According to a survey conducted by eMarketer Inc. regarding consumer behavior, of the 60% who did mobile online shopping research, 57% of them went on to buy the product in-store. And while the practice of “showrooming,” viewing a product in-store and then looking for better prices online, is prevalent among 40% of U.S. consumers, price differentiation is becoming less a factor in the purchasing decision.
The shopping and purchasing experiences are, clearly, by no means exclusively digital or exclusively destination, and these consumers are more apt to patronize retailers who are a hybrid of the two.

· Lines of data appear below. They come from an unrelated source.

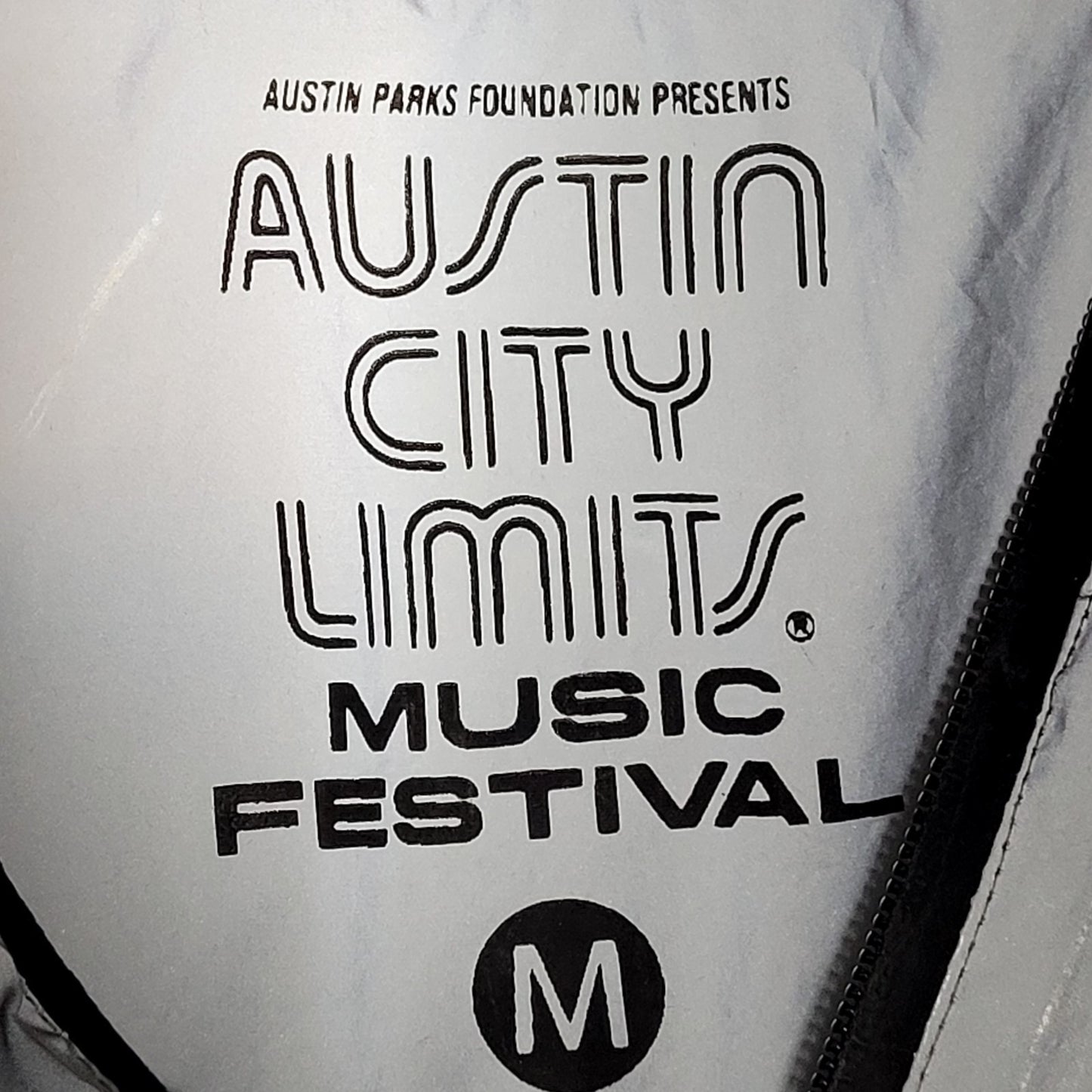 Austin City Limits Music Festival Silver Metallic Hooded Jacket Size Medium M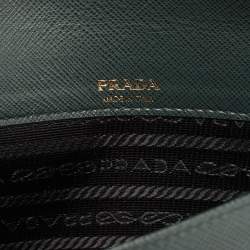 Pre Owned Prada Green Saffiano Leather Smartphone Case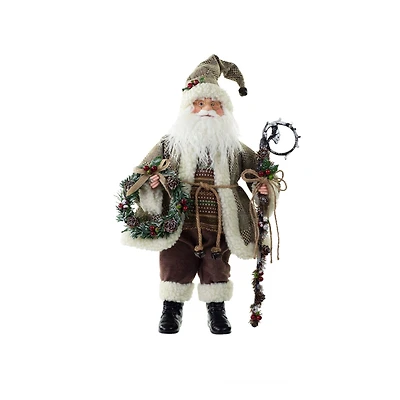 Rustic Santa Figurine with Staff and Wreath
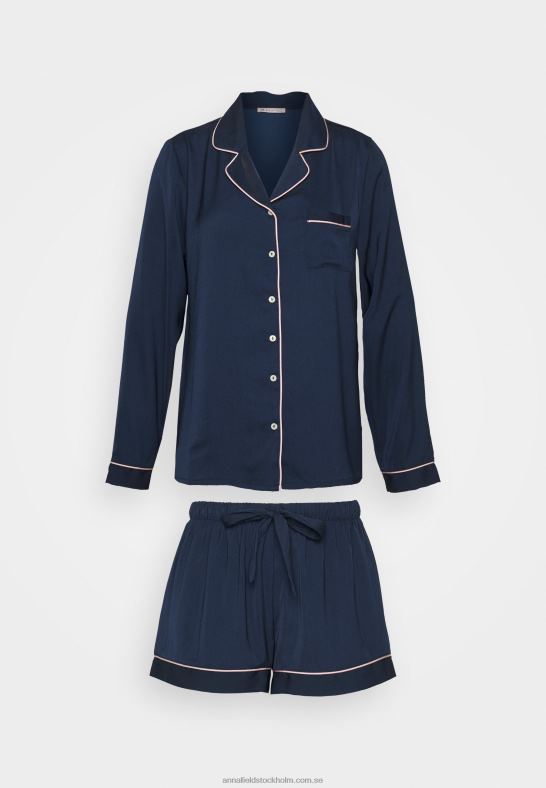 amanda långärmad kort pyjamasset mörkblå Anna Field 42BF61059 kvinnor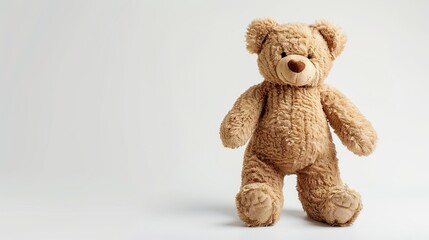 Adorable teddy bear standing alone on a white background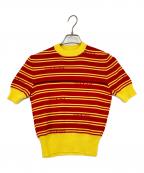 MIU MIUミュウミュウ）の古着「半袖ウールニット」｜イエロー×レッド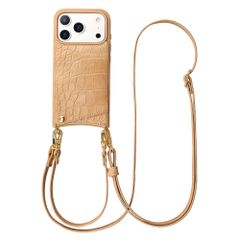 Selencia Nova Croco Phone Case with Cord and Card Holder Apple iPhone 17 Pro - Toasted Almond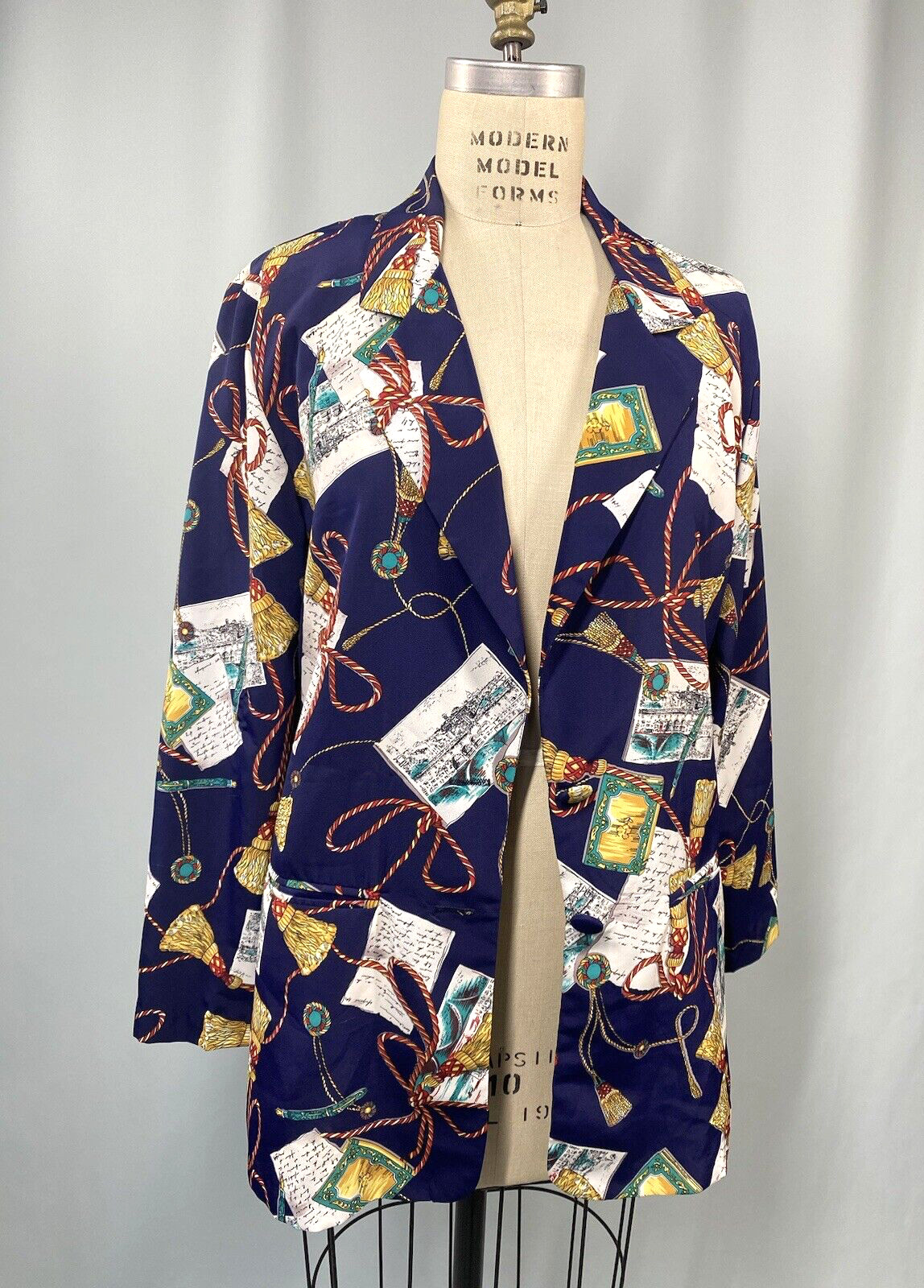 Vintage Women’s Jacket SIZE MEDIUM blue post card writing tassel 80s 90s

Hence, in the optical marketplace, e-tailers like Warby Parker have come to recognize that they cannot live by computer alone, which is why Warby has very publicly opened retail stores and will continue to do so. As it has ventured into this new territory, Warby has been scrupulous about keeping the branding experience consistent regardless of which retail channel the consumer pursues.
This is the lesson for those optical people who sell vision care products and services in a brick-and-mortar but rail against the online scourge. The consumer has determined that online is not the enemy, but that you could be if you choose to buck the trend. They’ll go to the guy down the block who participates in digital retailing while still operating a sharp, contemporary retail store-both of which fit together like hand in glove.
In the end, if the consumer votes for it, it will prevail.